As someone smarter than me said, it was as though Magnotta was randomly picking through a big box of all the perverse and repellent things he could think of to do to a human body — so there was a lot of methodical stabbing to the chest; now some cutting on the abdomen, once in a sort of tick-tack-toe pattern; here and there some faux-humping of the corpse.
It is mercifully unclear if the actual homicide was captured on the video, though several times Magnotta had the camera linger at the gaping wound to Lin’s throat and later, after he decapitated him, on his severed head.
Court artist Mike McLaughlin works on a sketch of Luka Rocco Magnotta. (THE CANADIAN PRESS/Ryan Remiorz)
Also mercifully, the jurors learned last week from forensic pathologist Dr. Yann Daze that all but one of Lin’s litany of wounds — the exception the slashing of his throat, which was likely the cause of death — were inflicted after death.
If this knowledge didn’t diminish the macabre nature of what was done to the body of the 33-year-old Lin, it was of considerable comfort to remember that he was alive for virtually none of it.
Throughout the video, shot at Magnotta’s grimy studio apartment, he appeared to take considerable care that his own face was never visible. He was always wearing hoodies — one black or dark blue, and one purple.
The dismemberment was done to music, and this either was playing at the time or Magnotta later added a soundtrack — True Faith, by the ‘80s British band New Order.
Equally disturbing was what Magnotta did on camera to a live human being.
The video began with a gloved Magnotta straddling the naked motionless body of a man tied with rope to a bed, above which was Magnotta’s Casablanca poster.
The man was blindfolded; he appeared dead or unconscious.
But then he suddenly lifted his head, and a leg, and was clearly trying to move, was struggling. The next shot was of Magnotta stabbing a body.
At the time 1 Lunatic 1 Icepick hit the web — and Magnotta appears to have posted it to three different “gore” sites — the widespread assumption was this first man was also Lin.

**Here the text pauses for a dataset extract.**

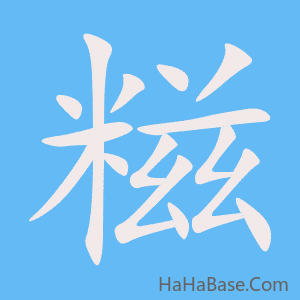 《糍》的筆順動畫寫字動畫演示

Jun Lin poses in this undated family handout photo. (THE CANADIAN PRESS/HO – Lin Family)
It was only here at trial that for the first time in public prosecutor Louis Bouthillier revealed that the man was someone else, a still-unidentified stranger who appears to have served as Magnotta’s dress rehearsal.
Jurors have seen surveillance video of this man entering Magnotta’s apartment building on May 18, but unlike Lin, he left alive the next day, albeit in a noticeably dazed condition.
As Magnotta’s attack on Lin’s body wore on, it was almost as though he was running out of party tricks, and turned to the most bizarre in his repertoire.
It was at this point that he put a black and white puppy — the jurors have heard, from a man who several times hired Magnotta as an escort in Montreal, that once he brought along a young puppy of this description — at Lin’s severed torso.
The puppy was found, dead, in the dozens of bags of garbage Magnotta put out for collection, some holding Lin’s severed legs and arms.
Magnotta then went at Lin’s buttocks with a knife and fork.
The final shots showed one of Lin’s arms in Magnotta’s freezer, his head on the floor, and Magnotta lying naked on the bed, with a severed arm, still with its hand, faux-masturbating: He had finally run out of gas.
It is instructive, about the nature of man and beast, to remember that the puppy was placed in position before its own death, while the only thing that may have put Magnotta there, at the wheel of his own freak show, was an alleged mental illness.